On November 12, Azerbaijan’s military shot down an Armenian combat helicopter on a training flight. This was a hot topic in the Armenian media for days.
Regional Studies Center analyst Mikayel Zolyan, who was following the news during that time, divides media coverage of this incident into three stages, each with its own particular feature.
What are the unique characteristics of each stage of the coverage of this incident?
First was the information stage, when news about the incident quickly circulated in online media. This was immediately followed by the emotional stage: media reports were dominated by emotions, a patriotic tone, and in some cases emphasized was the personal tragedy (the victims in the helicopter), while in other cases, there were calls for retaliation.
Quite late, a few days later, began the analytical stage: questions were raised as to why it happened and whether it can be avoided; whether this was all the result of a tactical error. Of course during this entire time there were also conspiracy theories.
Being prone to conspiracy theories is characteristic of our entire analytical, political, and media arena. Analysts and news outlets having a pro-Russian stance attempted to see a Western mark in this, while analysts and journalists opposed to Russia tied the incident to Russia.
When a journalist or analyst claims that an incident was organized by some major power or political figure, it would be preferable to cite more serious arguments other than that “it’s beneficial for them”. It’s fine to see such judgements in Facebook status updates, but a professional journalist or analyst must have more serious grounds.

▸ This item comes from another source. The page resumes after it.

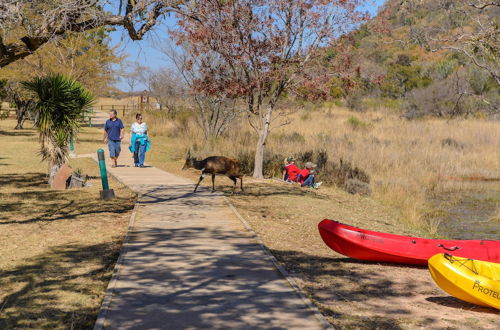 Photo 29 - Waterberg Game Park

The Yerevan Press Club in an issue of YPC Review [AM] said the media is exacerbating the situation by using the language of war and hate speech.
In the first stages, that was very obvious, and sometimes the boundary between news outlets and social media was erased, which, of course, is wrong. It’s one thing if a person expresses his personal opinion on social media, which also can be quite aggressive and very negative toward the other party to the conflict; it’s another thing when the media use the same language.
Not only is it bad journalism (you don’t need to be a professional journalist to write sentimental and emotional news stories; any Facebook user can do that), but also it’s dangerous in terms of promoting future conflict. It might give rise to manipulation. If the state body wants to exacerbate the conflict, it can manipulate the media, and the opposite — if the state body doesn’t want to rouse the conflict, it can be forced to do so under media pressure.
In any case, the media must work in such a way so that its coverage doesn’t complicate the situation further.
I understand that the work of journalists is quite difficult; they often work in very complex situations, but I would advise to refrain as much as possible from emotional assessments, particularly in calling for hate.
Of course, what happened was a tragic incident; we all had those emotions, but the journalist should not express his emotions, but rather transfer information.
At some point, the helicopter crew members’ personal photos and Facebook posts began to circulate on social and online media.
This is probably the result of the Social Media Age, which is very difficult to avoid. We see similar things also in the case of the conflict in Ukraine: the victims’ social media pages often appear in the news.
But there’s a very serious ethical issue here, which must be considered; after all, we are dealing with people’s lives and their families, who must be respected. There is an inexplicable disdain for death in our [Armenian] society; there’s an impression that one or two deaths here and there doesn’t matter. In this case too, it seems the soldiers’ deaths are not valued.
In Israel, for instance, a soldier’s death or his being taken captive is a scandal, and it has serious consequences also for officials. For us, of course, from purely a propaganda point of view, much is said about them dying heroically. But as for who is guilty, who is going to answer for the victims, and if the incident could’ve been avoided — these, unfortunately, are not spoken about all that much.
In your opinion, did the public receive the information and to the extent that was necessary?
Yes and no, depending on whom we compare with. Compared to our neighbors or many post-Soviet countries, the extent was even perhaps great. I imagine that wouldn’t have happened in other post-Soviet countries. But for me personally the amount of information was insufficient.
There was a lack of expert opinion, particularly military experts’ opinion. There was also a need to say complex things in simple language, to present highly specialized opinions in such a way so that they were understandable for the average Armenian.
In such cases, infographs and diagrams are used in other countries; we practically didn’t have these here. As a result, there are now a lot of questions. But the good thing is that those questions are being asked. Yet it cannot be said that coverage of the issue is over and the media will forget about this tomorrow. We’ll find out more about this incident than we know now.
On one hand, there is a propaganda war; naturally, we have to deal with this too, and the corresponding specialists have to deal with this. On the other hand, there is also the issue that our society has to have an idea of what happened. And we have to be able to strike a balance between the two.
Interview conducted by Anna Barseghyan.